- [DATASET RECORDS]
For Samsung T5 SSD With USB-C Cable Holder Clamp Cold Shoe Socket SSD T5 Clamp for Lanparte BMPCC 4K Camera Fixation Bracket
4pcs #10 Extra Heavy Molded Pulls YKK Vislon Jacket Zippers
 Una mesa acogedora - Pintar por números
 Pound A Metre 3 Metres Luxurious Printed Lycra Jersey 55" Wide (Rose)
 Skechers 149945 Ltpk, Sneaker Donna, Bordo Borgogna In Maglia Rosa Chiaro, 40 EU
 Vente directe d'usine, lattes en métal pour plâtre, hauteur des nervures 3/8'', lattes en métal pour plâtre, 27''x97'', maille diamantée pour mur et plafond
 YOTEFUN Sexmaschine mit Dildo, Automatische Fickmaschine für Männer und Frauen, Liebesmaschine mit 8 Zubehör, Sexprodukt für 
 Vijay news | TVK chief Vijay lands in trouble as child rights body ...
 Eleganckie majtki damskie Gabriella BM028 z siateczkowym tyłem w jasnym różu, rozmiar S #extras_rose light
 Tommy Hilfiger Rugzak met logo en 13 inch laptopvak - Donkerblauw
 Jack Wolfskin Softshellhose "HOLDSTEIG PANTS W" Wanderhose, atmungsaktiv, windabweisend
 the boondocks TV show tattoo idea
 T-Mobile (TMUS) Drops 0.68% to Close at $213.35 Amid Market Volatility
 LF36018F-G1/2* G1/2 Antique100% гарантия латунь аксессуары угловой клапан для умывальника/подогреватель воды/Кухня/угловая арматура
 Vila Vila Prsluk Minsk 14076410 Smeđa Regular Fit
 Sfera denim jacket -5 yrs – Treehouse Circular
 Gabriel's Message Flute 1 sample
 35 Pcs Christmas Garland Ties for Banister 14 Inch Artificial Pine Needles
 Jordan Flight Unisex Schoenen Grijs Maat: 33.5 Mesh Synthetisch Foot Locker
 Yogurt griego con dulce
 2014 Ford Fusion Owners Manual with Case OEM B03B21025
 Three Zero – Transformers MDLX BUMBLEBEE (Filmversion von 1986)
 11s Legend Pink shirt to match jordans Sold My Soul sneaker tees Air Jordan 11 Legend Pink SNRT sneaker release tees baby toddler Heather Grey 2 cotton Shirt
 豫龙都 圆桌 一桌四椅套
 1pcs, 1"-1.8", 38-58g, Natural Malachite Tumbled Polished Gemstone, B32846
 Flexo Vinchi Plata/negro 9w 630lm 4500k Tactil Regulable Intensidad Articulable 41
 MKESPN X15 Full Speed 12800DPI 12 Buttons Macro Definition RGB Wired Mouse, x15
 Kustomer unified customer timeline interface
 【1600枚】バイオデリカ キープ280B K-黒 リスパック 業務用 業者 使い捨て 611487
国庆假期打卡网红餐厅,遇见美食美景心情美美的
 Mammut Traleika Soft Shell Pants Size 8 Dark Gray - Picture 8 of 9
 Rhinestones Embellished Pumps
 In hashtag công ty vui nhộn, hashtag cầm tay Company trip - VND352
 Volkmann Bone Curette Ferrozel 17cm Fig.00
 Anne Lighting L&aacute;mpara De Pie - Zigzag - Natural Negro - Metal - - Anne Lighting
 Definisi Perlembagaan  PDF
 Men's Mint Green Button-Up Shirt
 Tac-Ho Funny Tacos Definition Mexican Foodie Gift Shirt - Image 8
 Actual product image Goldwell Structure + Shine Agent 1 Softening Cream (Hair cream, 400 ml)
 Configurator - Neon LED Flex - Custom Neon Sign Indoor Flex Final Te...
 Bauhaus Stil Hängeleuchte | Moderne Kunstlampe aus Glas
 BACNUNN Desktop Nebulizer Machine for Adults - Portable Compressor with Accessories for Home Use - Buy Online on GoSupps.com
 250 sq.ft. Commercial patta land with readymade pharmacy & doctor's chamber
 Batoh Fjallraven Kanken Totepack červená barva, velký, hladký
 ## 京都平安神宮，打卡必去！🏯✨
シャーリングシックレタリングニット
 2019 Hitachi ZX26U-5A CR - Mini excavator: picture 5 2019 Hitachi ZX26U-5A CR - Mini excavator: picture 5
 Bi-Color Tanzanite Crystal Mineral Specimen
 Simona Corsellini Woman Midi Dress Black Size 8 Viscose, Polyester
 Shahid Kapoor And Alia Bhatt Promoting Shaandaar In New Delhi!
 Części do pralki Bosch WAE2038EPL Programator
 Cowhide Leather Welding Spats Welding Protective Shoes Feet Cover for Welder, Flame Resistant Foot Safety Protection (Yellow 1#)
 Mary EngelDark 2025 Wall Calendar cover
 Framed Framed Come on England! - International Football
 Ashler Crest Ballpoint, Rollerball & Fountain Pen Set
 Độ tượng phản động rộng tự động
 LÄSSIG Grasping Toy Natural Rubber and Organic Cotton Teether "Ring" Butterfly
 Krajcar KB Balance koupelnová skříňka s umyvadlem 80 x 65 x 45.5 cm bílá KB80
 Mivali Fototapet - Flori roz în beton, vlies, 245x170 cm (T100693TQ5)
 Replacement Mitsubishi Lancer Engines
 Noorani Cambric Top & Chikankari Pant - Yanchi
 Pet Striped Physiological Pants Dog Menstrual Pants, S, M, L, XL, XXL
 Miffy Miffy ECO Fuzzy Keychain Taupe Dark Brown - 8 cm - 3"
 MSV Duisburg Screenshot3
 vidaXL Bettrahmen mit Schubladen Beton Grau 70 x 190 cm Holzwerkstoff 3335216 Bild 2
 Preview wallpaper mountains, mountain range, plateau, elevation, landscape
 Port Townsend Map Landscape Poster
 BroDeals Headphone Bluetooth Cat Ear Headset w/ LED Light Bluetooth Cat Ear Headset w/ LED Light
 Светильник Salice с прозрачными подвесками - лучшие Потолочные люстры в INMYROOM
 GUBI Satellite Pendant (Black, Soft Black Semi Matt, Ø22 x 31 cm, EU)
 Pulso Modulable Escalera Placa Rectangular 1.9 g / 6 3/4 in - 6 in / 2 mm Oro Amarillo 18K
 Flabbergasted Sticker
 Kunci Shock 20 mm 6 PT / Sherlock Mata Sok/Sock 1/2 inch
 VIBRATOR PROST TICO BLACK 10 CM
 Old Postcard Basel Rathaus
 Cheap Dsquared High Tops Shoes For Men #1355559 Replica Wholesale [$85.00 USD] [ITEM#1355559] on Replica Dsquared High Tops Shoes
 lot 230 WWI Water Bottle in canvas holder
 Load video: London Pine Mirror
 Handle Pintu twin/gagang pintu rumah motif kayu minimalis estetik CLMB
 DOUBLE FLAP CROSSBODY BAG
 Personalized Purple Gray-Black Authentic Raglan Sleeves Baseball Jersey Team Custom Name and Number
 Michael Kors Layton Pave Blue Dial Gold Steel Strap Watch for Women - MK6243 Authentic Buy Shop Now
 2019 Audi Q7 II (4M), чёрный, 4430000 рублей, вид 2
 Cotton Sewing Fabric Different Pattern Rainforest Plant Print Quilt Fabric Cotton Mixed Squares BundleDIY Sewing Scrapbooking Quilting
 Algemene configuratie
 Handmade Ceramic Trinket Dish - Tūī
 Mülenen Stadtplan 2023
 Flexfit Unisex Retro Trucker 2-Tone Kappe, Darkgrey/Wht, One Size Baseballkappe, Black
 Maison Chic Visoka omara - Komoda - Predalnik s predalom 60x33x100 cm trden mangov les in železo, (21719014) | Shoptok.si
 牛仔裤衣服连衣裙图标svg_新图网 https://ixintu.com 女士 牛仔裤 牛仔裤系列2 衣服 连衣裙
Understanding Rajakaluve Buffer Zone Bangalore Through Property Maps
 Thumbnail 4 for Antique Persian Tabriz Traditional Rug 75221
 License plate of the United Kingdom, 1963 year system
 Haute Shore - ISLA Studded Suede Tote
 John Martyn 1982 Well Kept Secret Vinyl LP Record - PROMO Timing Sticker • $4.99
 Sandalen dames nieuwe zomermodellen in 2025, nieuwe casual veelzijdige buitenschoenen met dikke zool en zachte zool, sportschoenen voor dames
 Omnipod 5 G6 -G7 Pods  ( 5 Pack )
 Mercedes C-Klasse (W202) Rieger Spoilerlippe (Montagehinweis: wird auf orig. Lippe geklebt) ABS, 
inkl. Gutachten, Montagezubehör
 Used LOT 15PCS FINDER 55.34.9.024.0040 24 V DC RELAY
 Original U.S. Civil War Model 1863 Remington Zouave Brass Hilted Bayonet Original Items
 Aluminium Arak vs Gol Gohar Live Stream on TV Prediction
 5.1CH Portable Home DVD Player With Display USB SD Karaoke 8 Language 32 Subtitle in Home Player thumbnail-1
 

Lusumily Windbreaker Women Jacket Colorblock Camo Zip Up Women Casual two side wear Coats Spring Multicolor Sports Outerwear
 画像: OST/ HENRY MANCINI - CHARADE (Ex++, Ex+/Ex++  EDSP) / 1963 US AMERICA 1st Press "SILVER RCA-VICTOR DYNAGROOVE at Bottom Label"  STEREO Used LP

- [TASK BRIEF]
From the line containing "Mercedes C-Klasse (W202)" down to the last line of the data, transcribe every line exactly; nothing else should appear.

- [WORKED SOLUTION]
 Mercedes C-Klasse (W202) Rieger Spoilerlippe (Montagehinweis: wird auf orig. Lippe geklebt) ABS, 
inkl. Gutachten, Montagezubehör
 Used LOT 15PCS FINDER 55.34.9.024.0040 24 V DC RELAY
 Original U.S. Civil War Model 1863 Remington Zouave Brass Hilted Bayonet Original Items
 Aluminium Arak vs Gol Gohar Live Stream on TV Prediction
 5.1CH Portable Home DVD Player With Display USB SD Karaoke 8 Language 32 Subtitle in Home Player thumbnail-1
 

Lusumily Windbreaker Women Jacket Colorblock Camo Zip Up Women Casual two side wear Coats Spring Multicolor Sports Outerwear
 画像: OST/ HENRY MANCINI - CHARADE (Ex++, Ex+/Ex++  EDSP) / 1963 US AMERICA 1st Press "SILVER RCA-VICTOR DYNAGROOVE at Bottom Label"  STEREO Used LP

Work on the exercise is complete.